The Killing Zone
- Author: Jim Hatfield
- Language: English
- Series: James Bond (unofficial)
- Genre: Spy novel
- Publisher: "A Charter Book"
- Publication date: 1985
- Publication place: United States
- Media type: Print (paperback)

= The Killing Zone =

Book by James Hatfield

The Killing Zone is an unauthorised James Bond novel by Jim Hatfield. It was privately published in paperback in 1985 under the guise that it was officially sanctioned by Glidrose Publications (later Ian Fleming Publications), the company that held the rights to publish James Bond literary works. At the time, the official author of the Bond series was John Gardner who wrote from 1981 to 1996.

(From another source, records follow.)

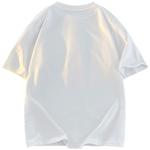 Футболка унисекс Mexican, черный - фото 8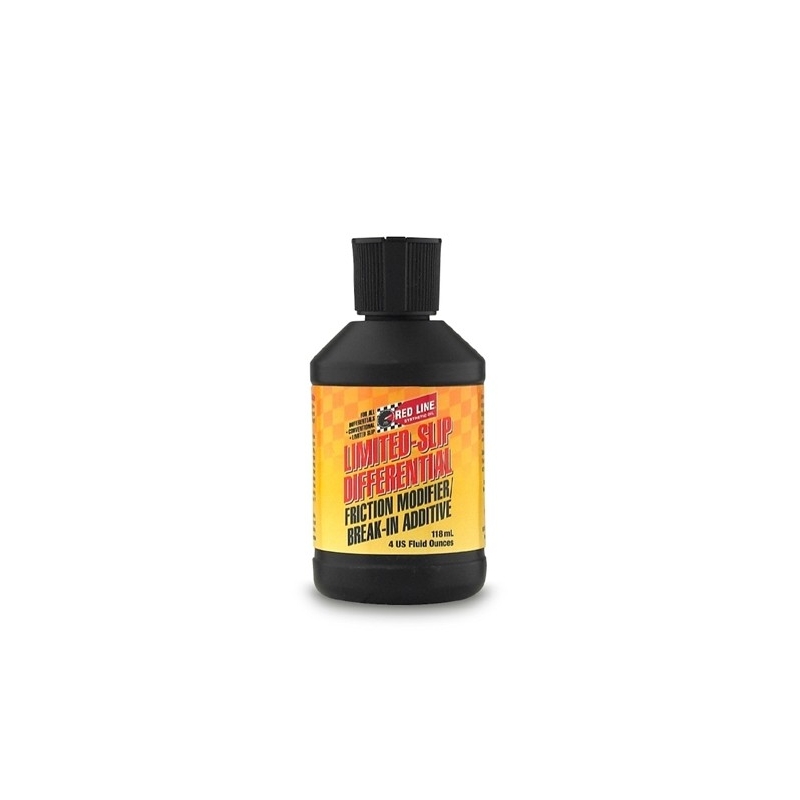 Red Line | Limited-Slip Friction Modifier Red Line Oil Transmission Fluids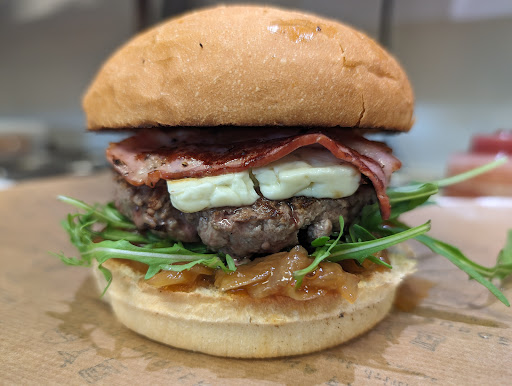 Photo 1 - LunaPark Burger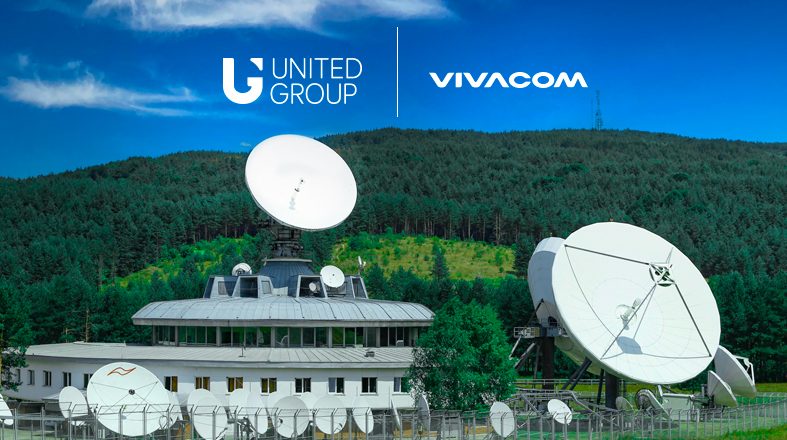 Vivacom u vlasništvu United Group među prvih 5 najbrže rastućih pružatelja poslovnih usluga na svijetu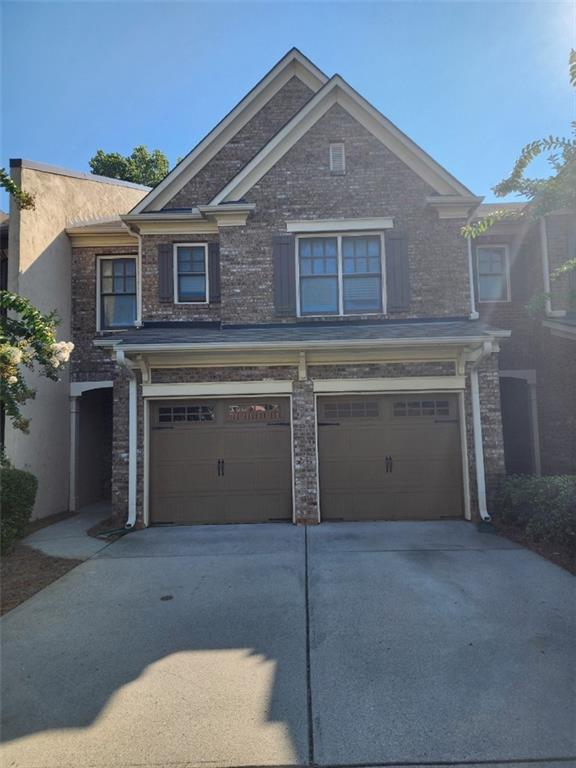 3269 Berkeley Glen Way Peachtree Corners, GA 30092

It was first published in the United Kingdom as "A Charter Book" but is no longer in print.

==Plot==
The novel begins with the murder of Bill Tanner by Klaus Doberman, a German-South American drug lord. Enraged by his friend's death, Bond disobeys his official orders to get revenge. According to the cover blurb on the back of the book, "In this new high voltage spy thriller, Secret Agent 007 must "liquidate" ruthless billionaire kingpin Klaus Doberman. But James Bond has his hands full as he battles a luscious lady assassin who offers lethal love Russian style and a slit-eyed Oriental sadist who is an elusive and deadly Ninja. Aided by his confederate Lotta Head and his old CIA buddy Felix Leiter, 007 is pitted against Klaus Doberman in his heavily armed fortress high in the Mexican Sierra Madres ... in the most bloodcurdling death duel in the great Bond saga."